Work item -
Transcribe the records below from the first line to the line that includes "Puede incluir: Una", inclusive, and omit the pictures.

Data -

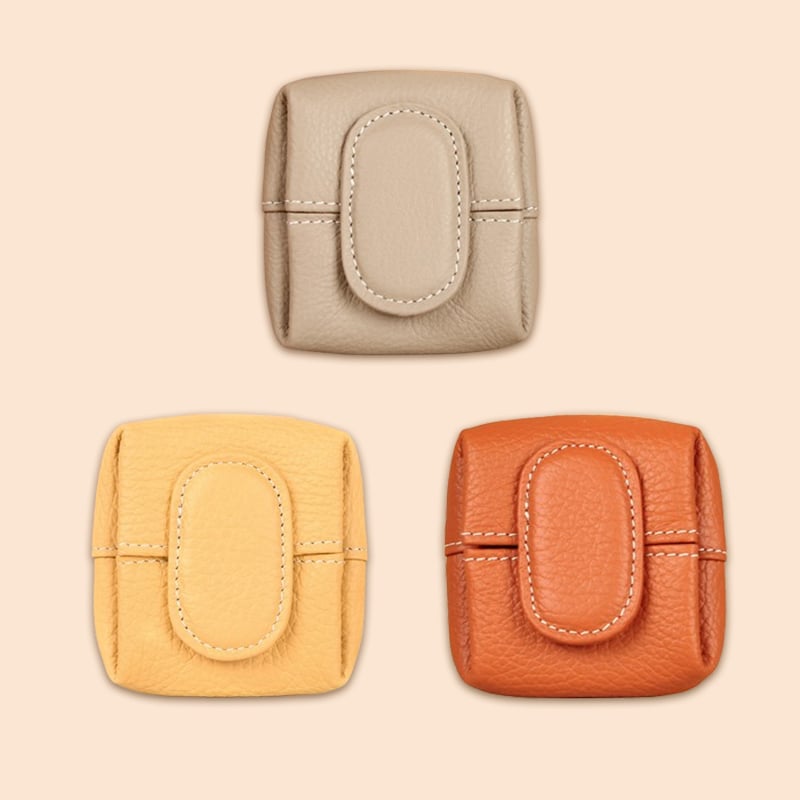 Women's compact orange leather coin purse, a bold and stylish fashion statement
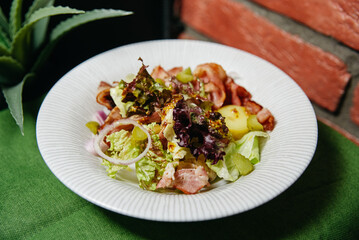 Potato Salad with Crispy Bacon Strips on Plate. A hearty plate of potato salad garnished with crispy bacon strips, red onion, and fresh lettuce, served on a textured white plate.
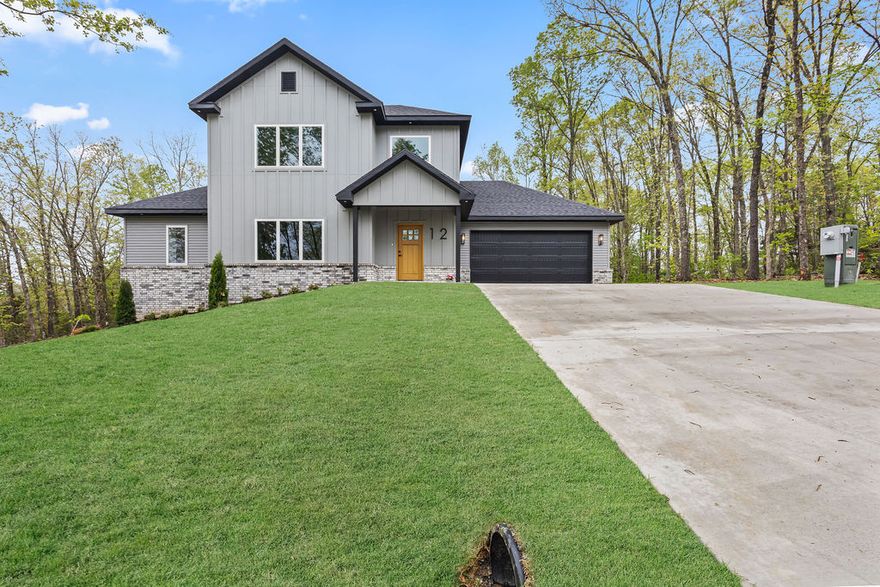 New Construction on a very quiet cul-de-sac, just a half mile from The Back 40 Trail System. This thoughtfully designed modern beauty is a split floor plan three bedrooms, two baths, featuring tons of natural light from the picture windows. Built ins surrounding an electric fireplace. Large quartz kitchen island and cabinet storage galore. Luxury Vinyl Plank flooring throughout the entire home. Dual vanity master bath with a walk-in shower. One year builder warranty. Covered back deck. Great location in Bentonville Schools. Plans and measurement attached in MLS.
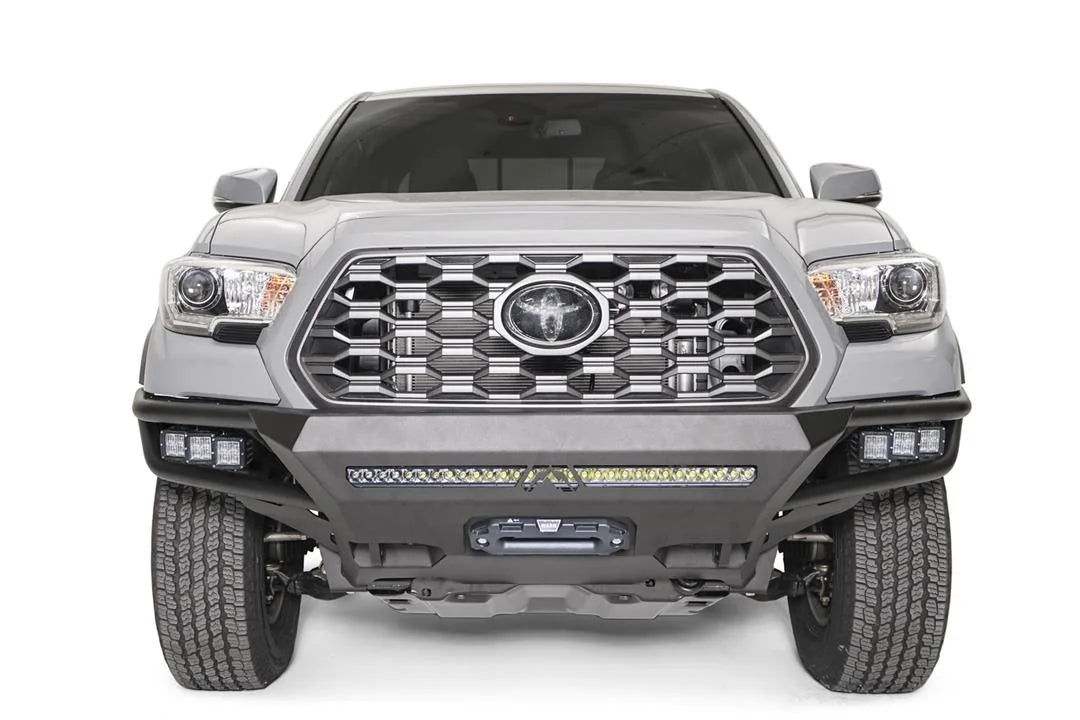 Fab Fours Hybrid front bumper on a silver Toyota Tacoma, front view, showing the LED light bar, cube lights and centre winch opening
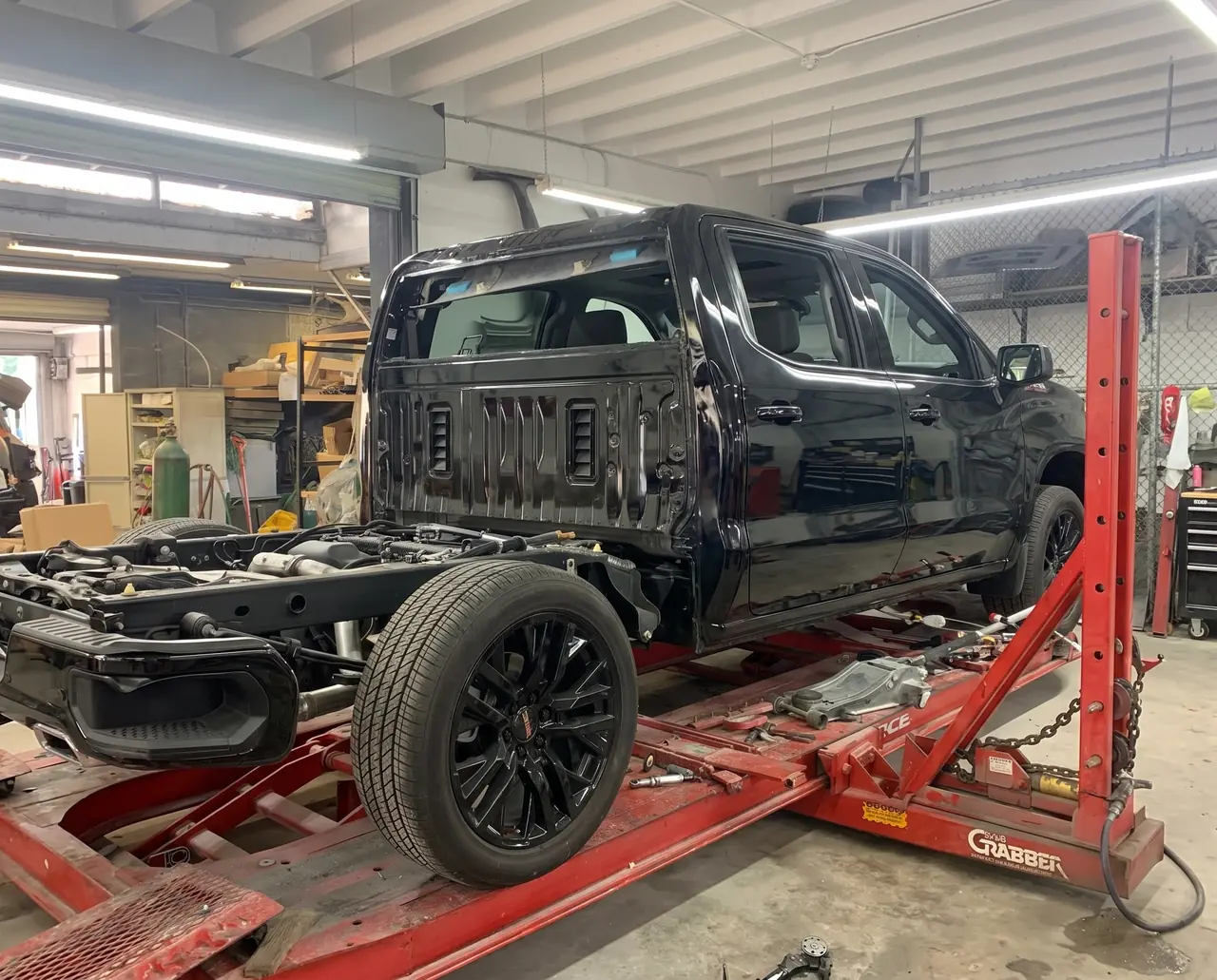 A pickup truck on the frame rack at Giant Motors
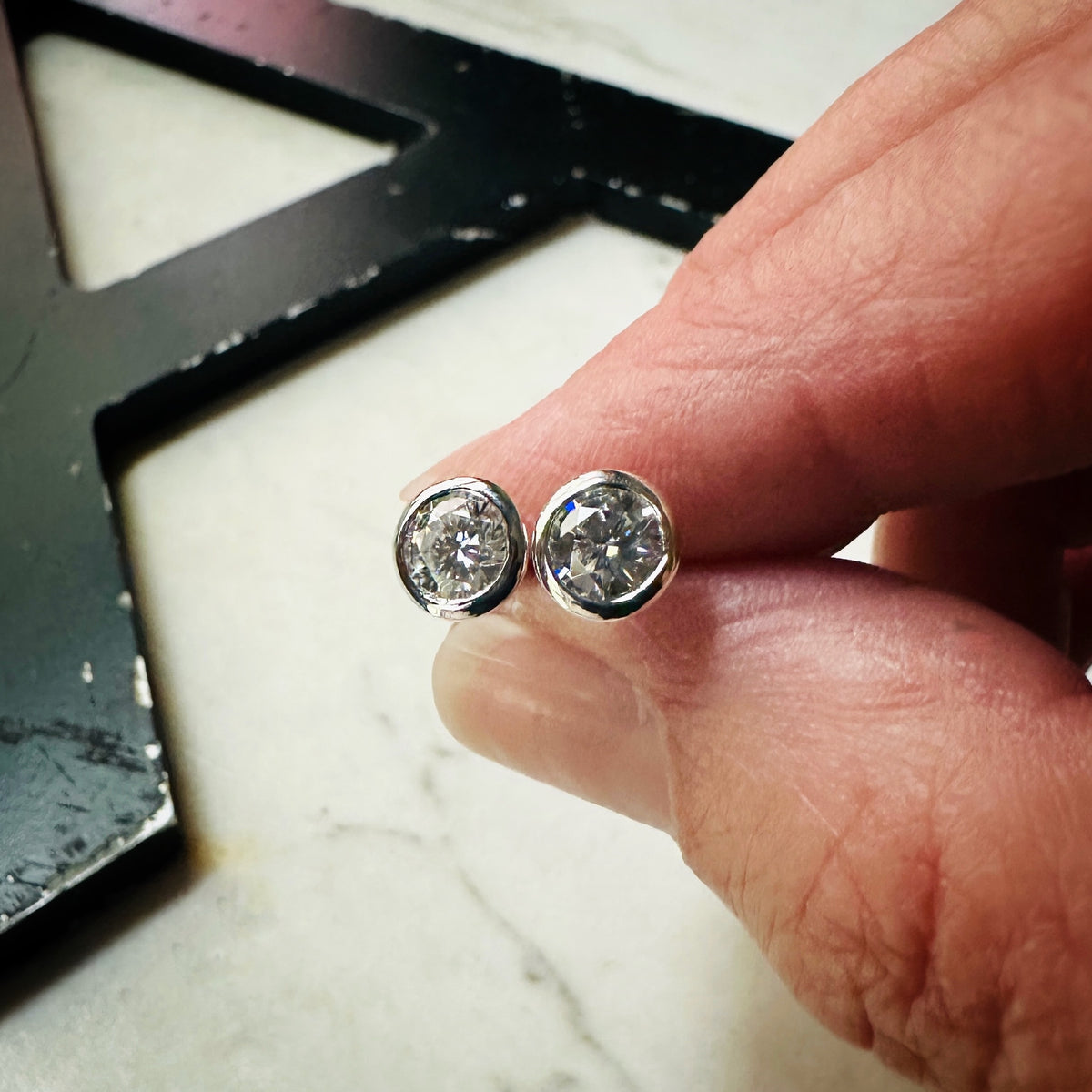 A pair of 5mm Moissanite bezel-set stud earrings sterling silver, resting on a light textured surface being held in a hand for scale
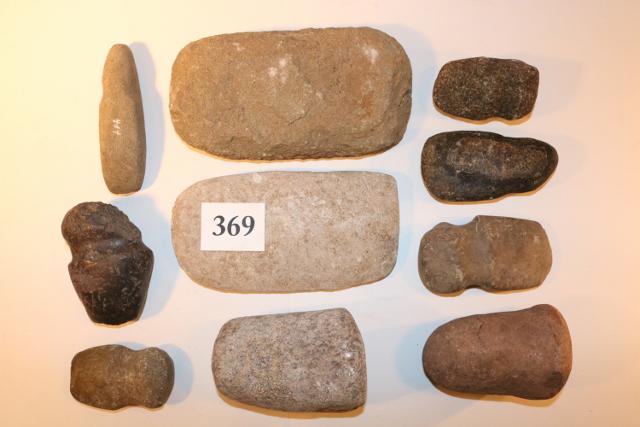 Box Lot of Assorted Stone Tools: Box Lot of Assorted Stone Tools – 10 Stone Items – 2 Manos, 2 Ohio Pestles, 6 Grooved Stone Axes – Smallest Axe 3 ¾” Long, Largest Stone Mano is 8” Long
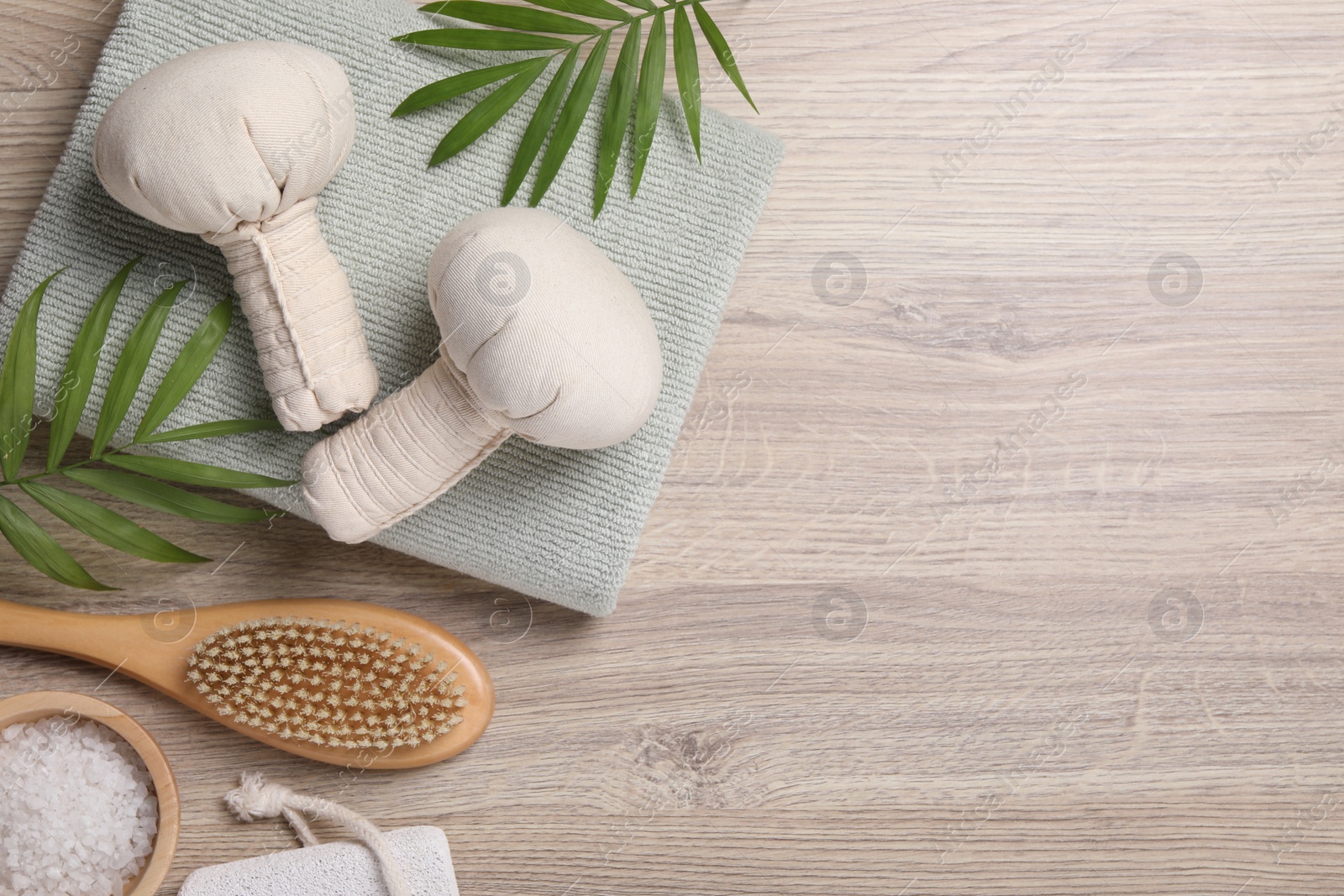 Photo of Beautiful spa composition with herbal massage bags and green leaves on light wooden table, flat lay. Space for text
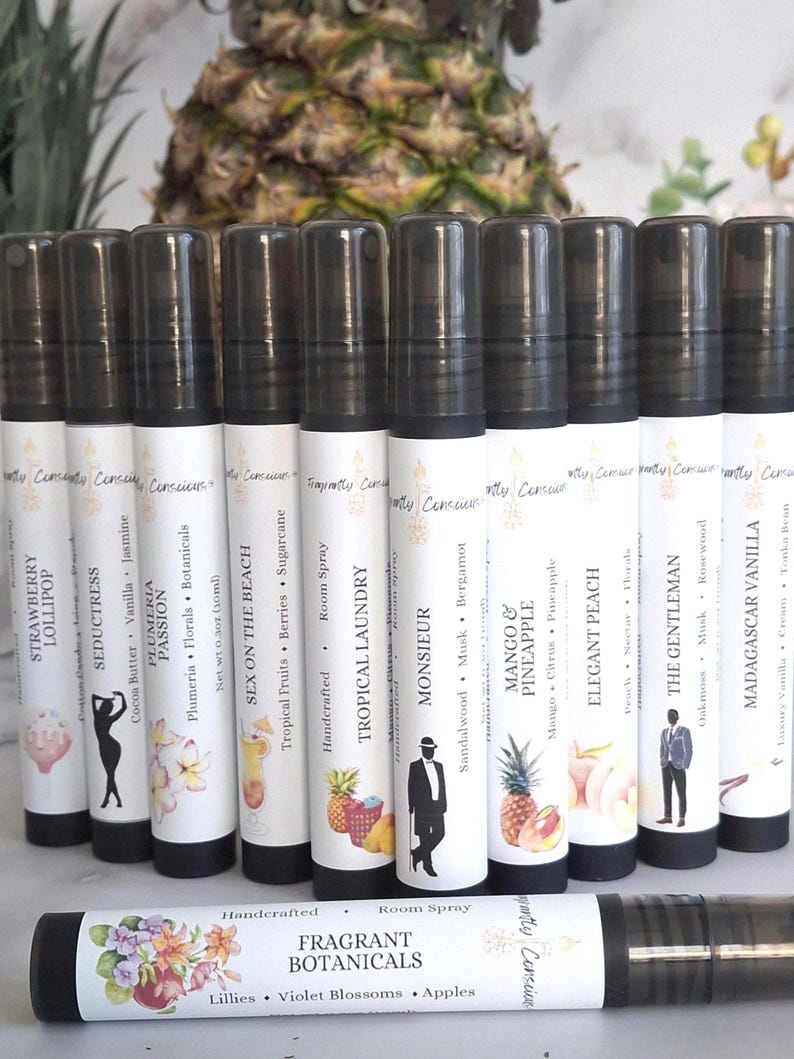 Puede incluir: Una colecci&oacute;n de diez aerosoles ambientales cil&iacute;ndricos con tapas negras y etiquetas blancas. Cada etiqueta presenta un dise&ntilde;o &uacute;nico y un nombre de aroma, como "Tropical Laundry" y "Mango & Pineapple". El aerosol inferior dice "Fragrant Botanicals".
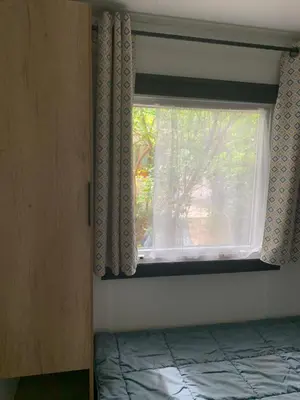 Un ou plusieurs lits dans un hébergement de l'établissement MH 008 Bora Bora sur emplacement exceptionnel en lisière de forêt dans camping 4 étoiles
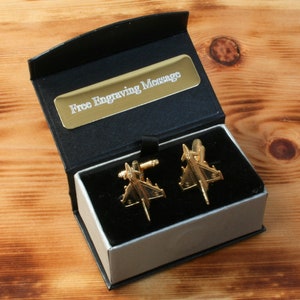Puede incluir: Gemelos de oro en forma de avión de combate, en una caja de regalo negra y plateada con una placa dorada que dice "Mensaje de grabado gratuito".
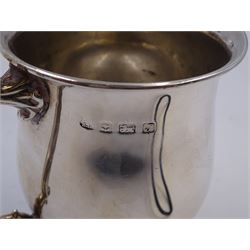 1930s silver Christening mug, of plain waisted form, with acanthus capped scroll handle, upon stepped circular foot, hallmarked Barker Brothers Silver Ltd, Birmingham 1933, including handle H10cm 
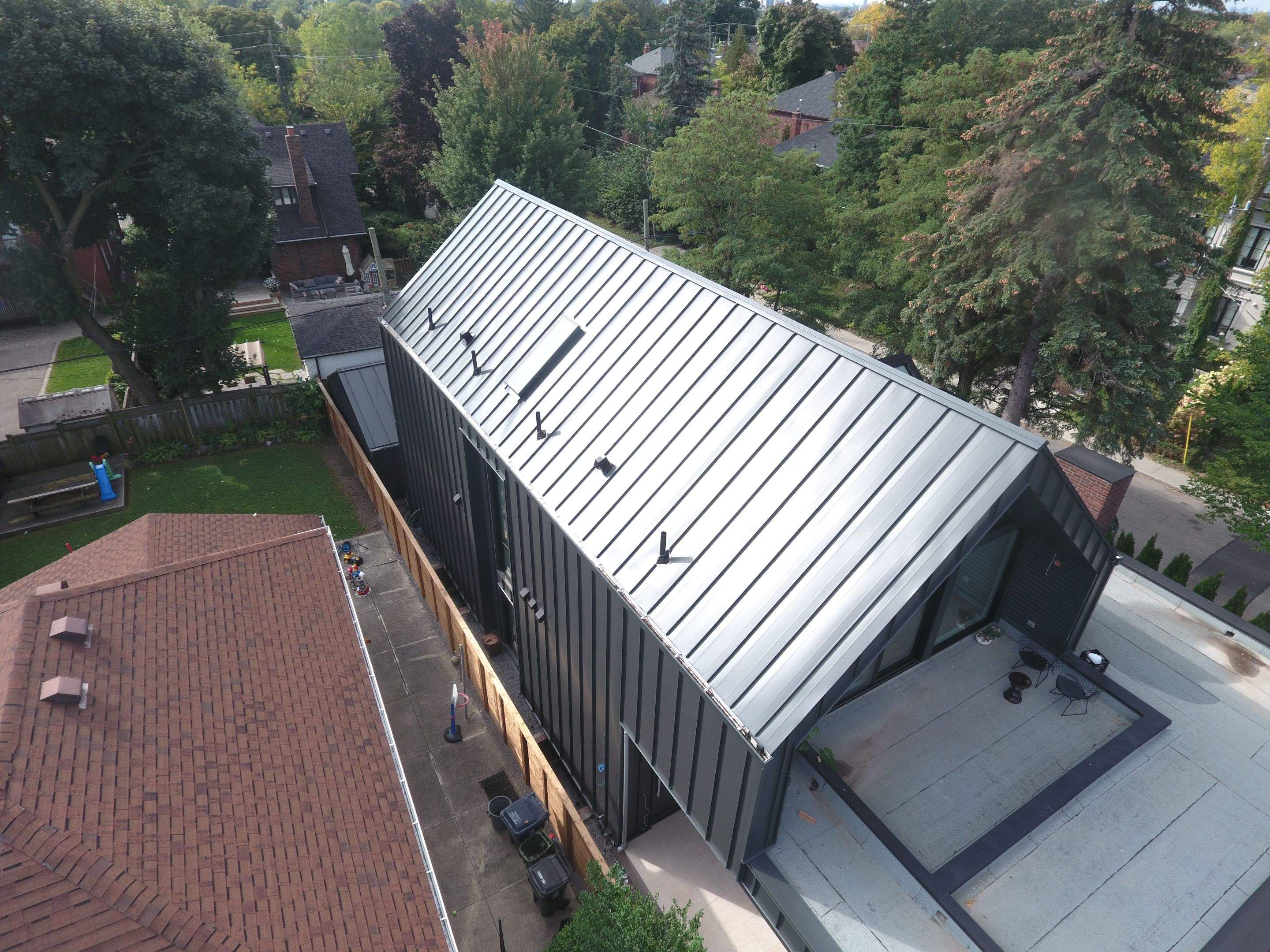 New Home Construction using 16" Standing Seam Panels by Jay Carter Roofing & Sheet Metal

Output for this task -
 Women's compact orange leather coin purse, a bold and stylish fashion statement
 Potato Salad with Crispy Bacon Strips on Plate. A hearty plate of potato salad garnished with crispy bacon strips, red onion, and fresh lettuce, served on a textured white plate.
 New Construction on a very quiet cul-de-sac, just a half mile from The Back 40 Trail System. This thoughtfully designed modern beauty is a split floor plan three bedrooms, two baths, featuring tons of natural light from the picture windows. Built ins surrounding an electric fireplace. Large quartz kitchen island and cabinet storage galore. Luxury Vinyl Plank flooring throughout the entire home. Dual vanity master bath with a walk-in shower. One year builder warranty. Covered back deck. Great location in Bentonville Schools. Plans and measurement attached in MLS.
 Fab Fours Hybrid front bumper on a silver Toyota Tacoma, front view, showing the LED light bar, cube lights and centre winch opening
 A pickup truck on the frame rack at Giant Motors
 A pair of 5mm Moissanite bezel-set stud earrings sterling silver, resting on a light textured surface being held in a hand for scale
 Box Lot of Assorted Stone Tools: Box Lot of Assorted Stone Tools – 10 Stone Items – 2 Manos, 2 Ohio Pestles, 6 Grooved Stone Axes – Smallest Axe 3 ¾” Long, Largest Stone Mano is 8” Long
 Photo of Beautiful spa composition with herbal massage bags and green leaves on light wooden table, flat lay. Space for text
 Puede incluir: Una colecci&oacute;n de diez aerosoles ambientales cil&iacute;ndricos con tapas negras y etiquetas blancas. Cada etiqueta presenta un dise&ntilde;o &uacute;nico y un nombre de aroma, como "Tropical Laundry" y "Mango & Pineapple". El aerosol inferior dice "Fragrant Botanicals".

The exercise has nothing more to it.